3 cups shredded or finely chopped Red Dog Farm Swiss Chard
1 cup shredded Red Dog Farm Purple Cabbage
1/4 cup shredded Red Dog Farm Carrot
1/2 cup chopped or slivered raw almonds (I like to soak them for 4 to 6 hours, time permitting)

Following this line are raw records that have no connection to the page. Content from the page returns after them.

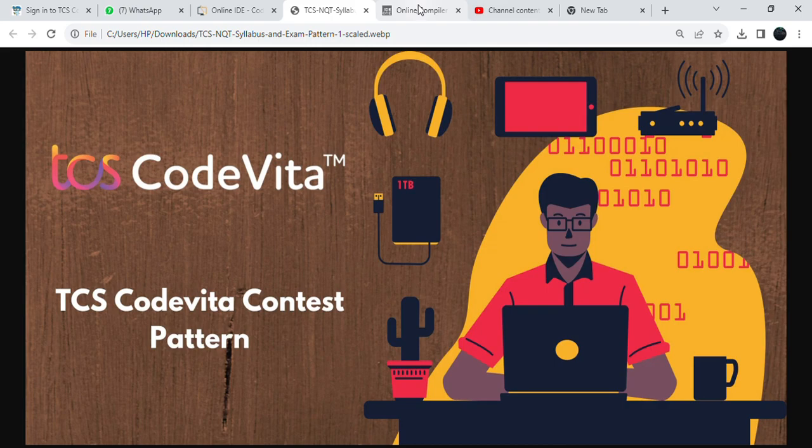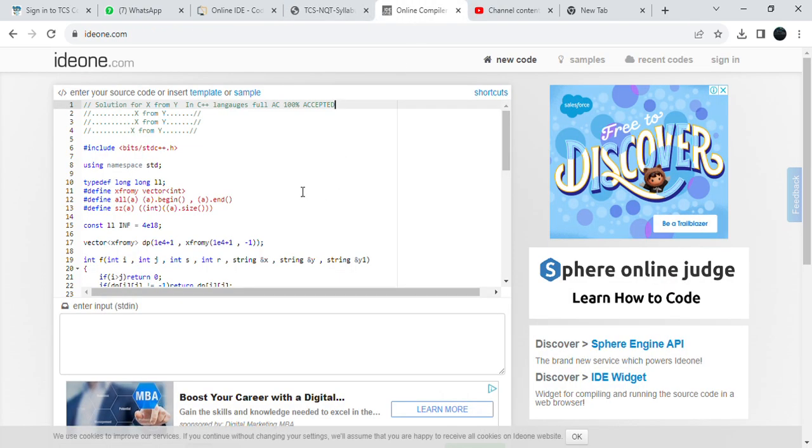This is the full AC question for X from Y. This is the solution for X from Y in C++ language, full AC and 100% accepted guys, and this solution I have written in C++.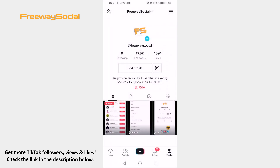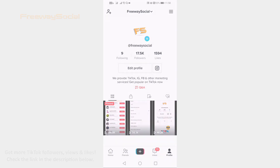That's how it's done! I hope this video was helpful and you were able to pin videos to the top on TikTok. Don't forget to like this video and visit us at FreewaySocial.com.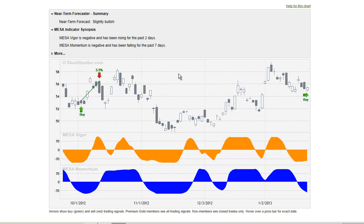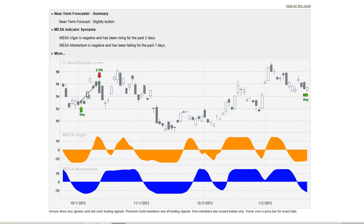This is a Near-Term Forecaster chart. It is comprised of four sections. The top section is a narrative telling you what the indicators are doing at the right-hand side of the chart. The next section is a candlestick chart of prices. Below the candlestick we have two indicators: the Mesa Vigor indicator in gold and the Mesa Momentum indicator in blue.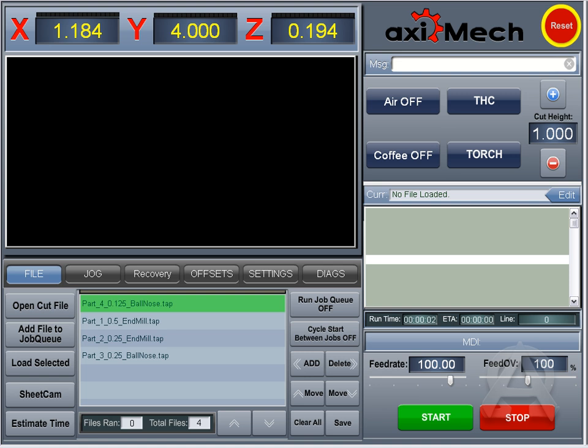Hello, this is Jason Blake, and I'm going to be going over the Plasma 1 screen here. I'll start up in the top left corner and work my way down.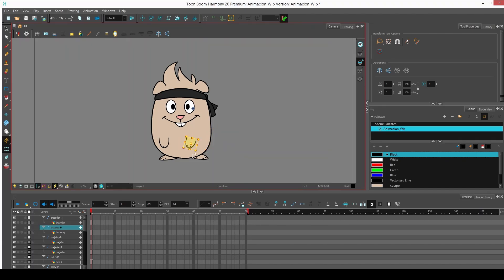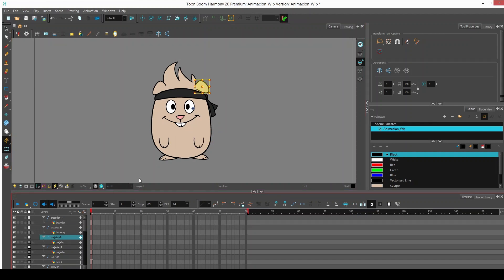When we rotate the pivots, we can notice that the pivot is not in the correct position, so we have to place them where they belong.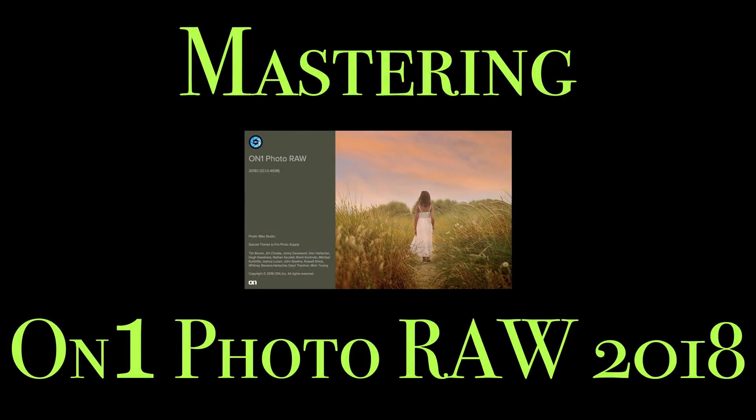Hey guys, this is Anthony Morganti from AnthonyMorganti.com. Welcome to Mastering On-One Photo Raw 2018.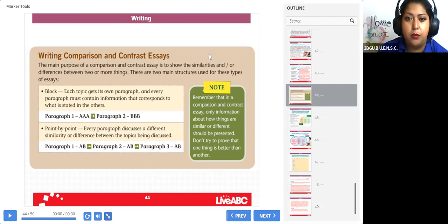So we are going to start with the group work, the group work.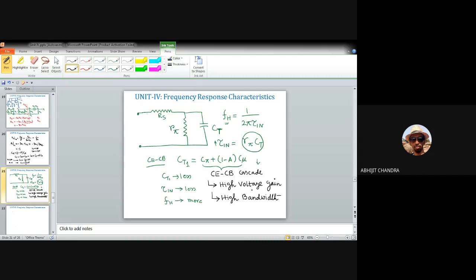For the common emitter–common base cascade (CE-CB cascade), we have the advantage of high voltage gain obtained from the common base stage and high bandwidth from the composite effect of both stages. This cascade is formally known as the cascode amplifier, a name dating back to vacuum tube pentode configurations, and it delivers all essential amplifier features.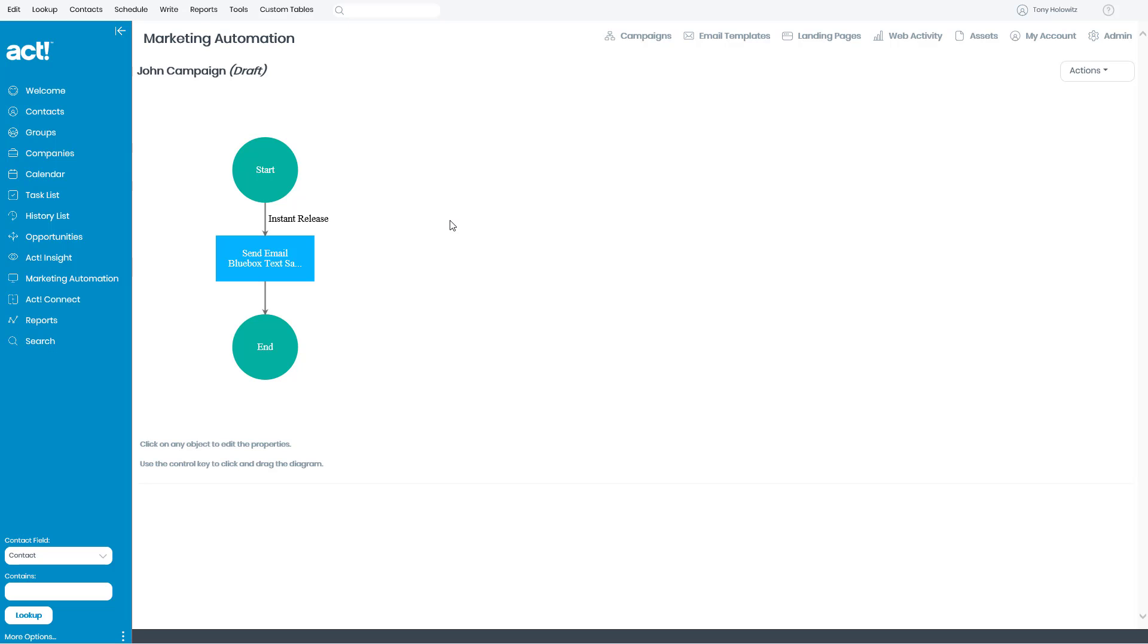When I look at the screen right now, the green circles and the blue box, those are objects. If you'll notice down below, there's some writing just below these objects.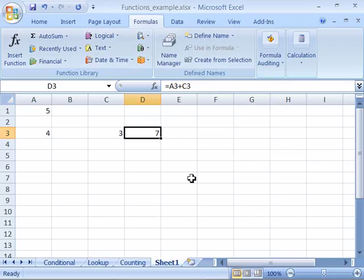and data on your worksheet. You will find that you can create very large complex formulas by using functions and formulas together. This chapter is devoted to formulas. So let's move on and explore more about using and creating formulas in Microsoft Excel 2007.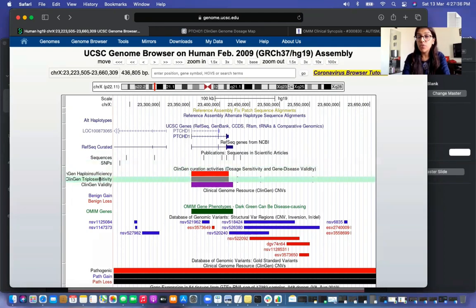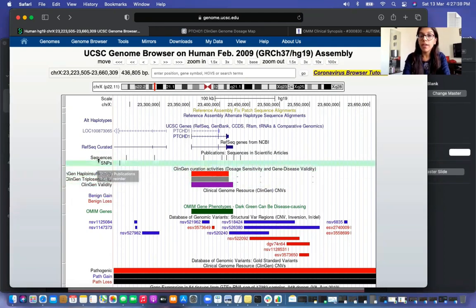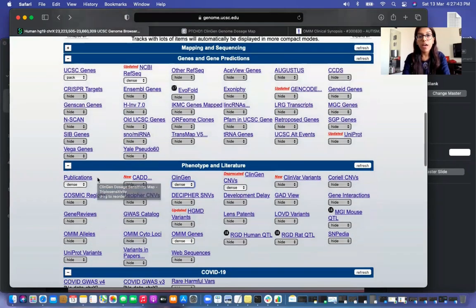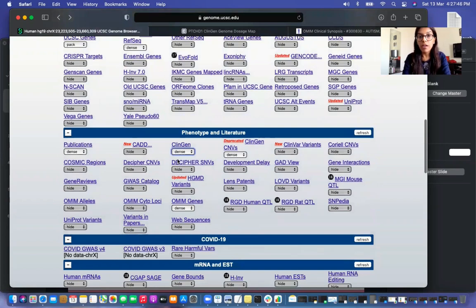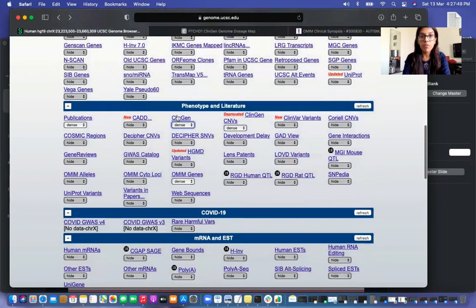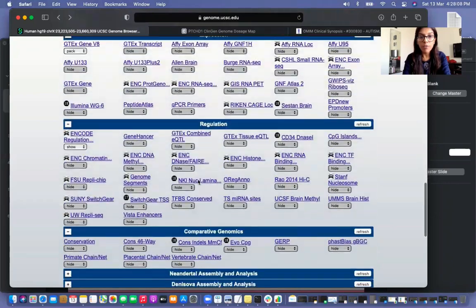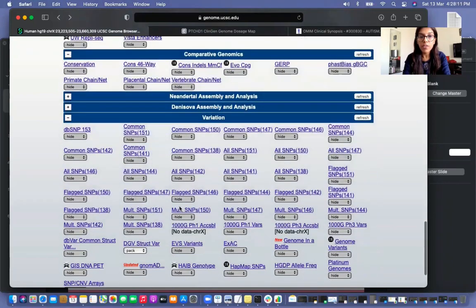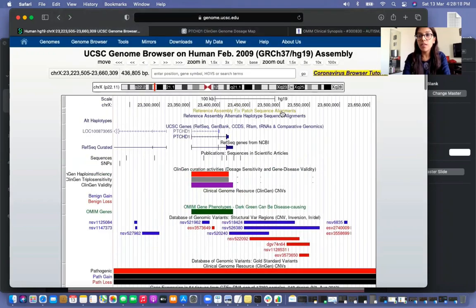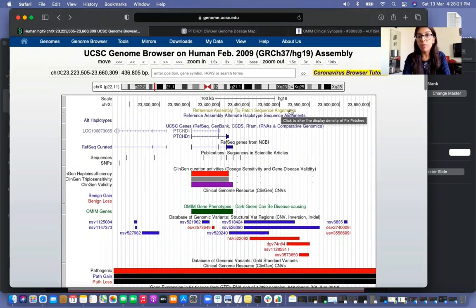Some tabs might not be visible when you try it yourself because they are hidden by default in the UCSC web browser. If you scroll down, you will reach a tab called phenotype and literature. From there, click on the dense options for ClinGen and ClinGen CNVs instead of the default hide setting, and also click on dense for OMIM. Additionally, select the DGV structural variant tab to be visible, as these are needed to evaluate our CNV.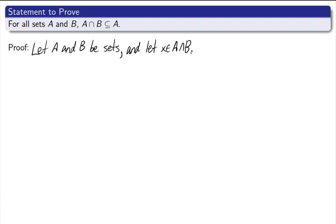What am I doing here? I am picking an element of the smaller set so that I can show that it's in the larger set. Often when you're doing proofs, it's nice to write down what a statement means. We've got X is an element of A intersect B. What does that mean? What is an intersection?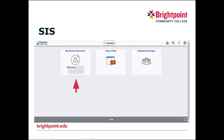Once you click on your Student Information System, that will open up an additional page with different apps you can click on. Since we are updating your mobile number and personal email address, that information is filed in the Profile section, so you will want to click on Profile.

1/4 cup olive oil or nut oil
1 tablespoon apple cider vinegar
1 tablespoon veganaise (optional)
1/2 teaspoon allspice
1/4 teaspoon cinnamon
1/4 teaspoon nutmeg
1 tablespoon finely chopped fresh oregano, or 1/2 teaspoon dried
1 tablespoon chopped fresh basil, or 1/2 teaspoon dried
1/4 teaspoon black pepper
1/4 teaspoon sea salt (optional)
1 packet stevia or some sugar
1/4 cup raw hemp seeds
1/2 cup dried, unsweetened blueberries

Combine chard, cabbage, carrot, and nuts in a large bowl.  In a small mixing bowl, combine oil, vinegar, vegenaise, allspice, cinnamon, nutmeg, oregano, basil, pepper, salt, and sweetener. Whisk until mixture is blended well. Toss with salad mix. Allow salad to refrigerate for 30 minutes prior to serving, if possible, so flavors can meld. (This salad actually tastes better the following day). Top with hemp seeds and dried blueberries.